Page 116 of Shadows of Stardust

More guilt swarms up my throat as I watch the words land with a slight flinch, as I watch her realize for the first time how much I’ve gone through to be here, how much further I would have been willing to go to find her.

And maybe it’s small of me, maybe it’s mean of me, but I want her to realize. My mind is a tangle of desperation and grief and no small measure of frustration over the fact that all of this was useless. I came all this way, risked my freedom and future, and look where it got me.

So yeah, the righteous older sister in me wants her to know.

“Why didn’t you tell me where you were going? Why didn’t you send a message? Anything?”

The questions slip out before I can stop them, and Savvie flinches again.

“There… wasn’t time. And then, once there was, I thought it would be better if I was just… gone. Mom was gone. You were gone. I figured it was my turn.”

Anger sparks hot and heavy and drenched in regret, all of it pooling together in the bottom of my gut.

“I was never gone, Sav. I was trying to get back to you. Always. From the day I left for training, all I ever wanted was to get back to you. To make sure you were okay until I could.”

She’s got nothing to say to that.

I don’t blame her.

I don’t have any more words, either.

I’ve got nothing but the sick, sinking certainty that all of this was a mistake, and not a mistake. That it was the biggest regret I’ll ever have, and the most necessary thing I’ve ever done. I’m numb with it, far too numb to do anything but stand when Savvie does and follow her off the dock, up the path, back through the village where a handful of faces peer out at us from windows and doors as we pass. All the friends and neighbors Savvie will have by her side for the rest of her life. The friends and neighbors who’ll meet her child, who’ll watch them grow, who’ll be the community we never had on Earth or Severin or anywhere else.

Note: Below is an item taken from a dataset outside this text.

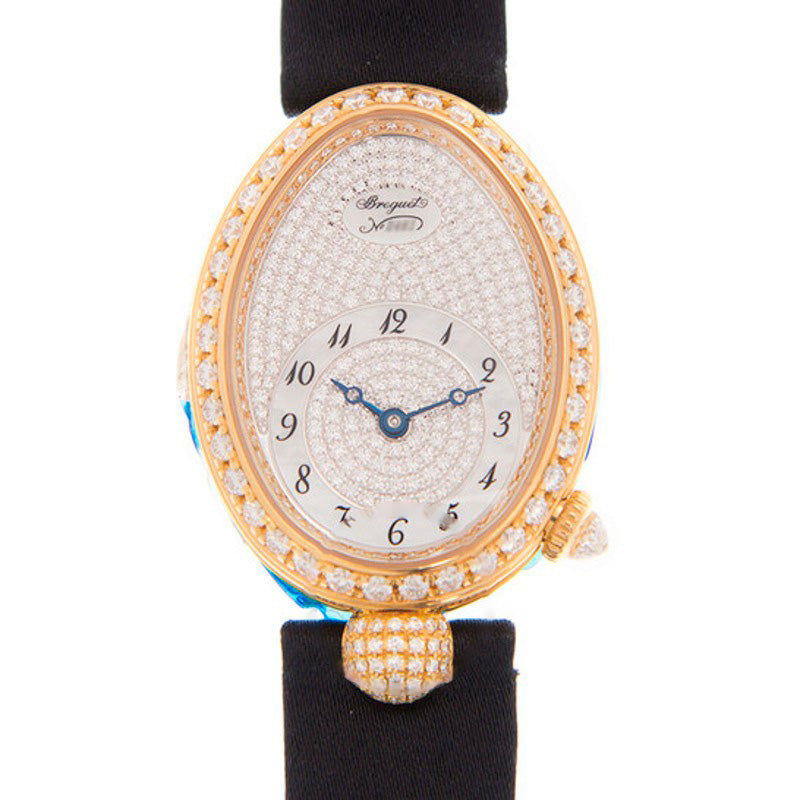 Relógio Reine de Naples Diamond Pave Dial Preto Cetim 8  - Mercado de Luxo - O Maior E-Commerce de Bens, Produtos e Serviços de Luxo do Brasil.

We reach the spot where Zan and I docked on the riverbank, and he’s there, lounging in the hover. Arrik is nearby, too, no doubt keeping an eye on the interloper in their midst.

They both stand as we approach, and Zan walks back down the dock in a few long strides, stopping just at the end of it when Arrik gives him a hard look.

Savvie and I stop at the foot of the dock, the air between us as crackling and heavy as the storm-clouds above, the ones that still haven’t broken despite all their bluster.

“I guess this is it.”

The words seem to come from somewhere outside of me, somewhere warped and sideways and not of this world.

They can’t be of this world. They can’t be real.

This is it.

“Yeah, I guess it is.”

Savvie steps closer and wraps her arms around me.

The hug is wrong. Light, awkward, stilted. Filled to the brim with resentment and hurt and grief.

When we part, it’s even worse, like a piece of my heart’s been wrenched from my chest and I’m slowly bleeding out.

“Goodbye, Ros.”

“Bye, Savvie.”

Then I’m walking, and my feet are somewhere outside my body, too. I’m a hundred different pieces heading a hundred different directions. Broken. Scattered. I can’t make myself stop. Can’t make myself think. Can’t make sense of any of it.

When I reach him on the dock, Zan puts a hand between my shoulder blades, drawing me closer to him. “Are you alright?”

I nod. “Yeah, I’m… let’s just go.”

He looks at me a beat longer before he nods, too, and steps toward the hover.

I can’t make my out-of-body feet follow.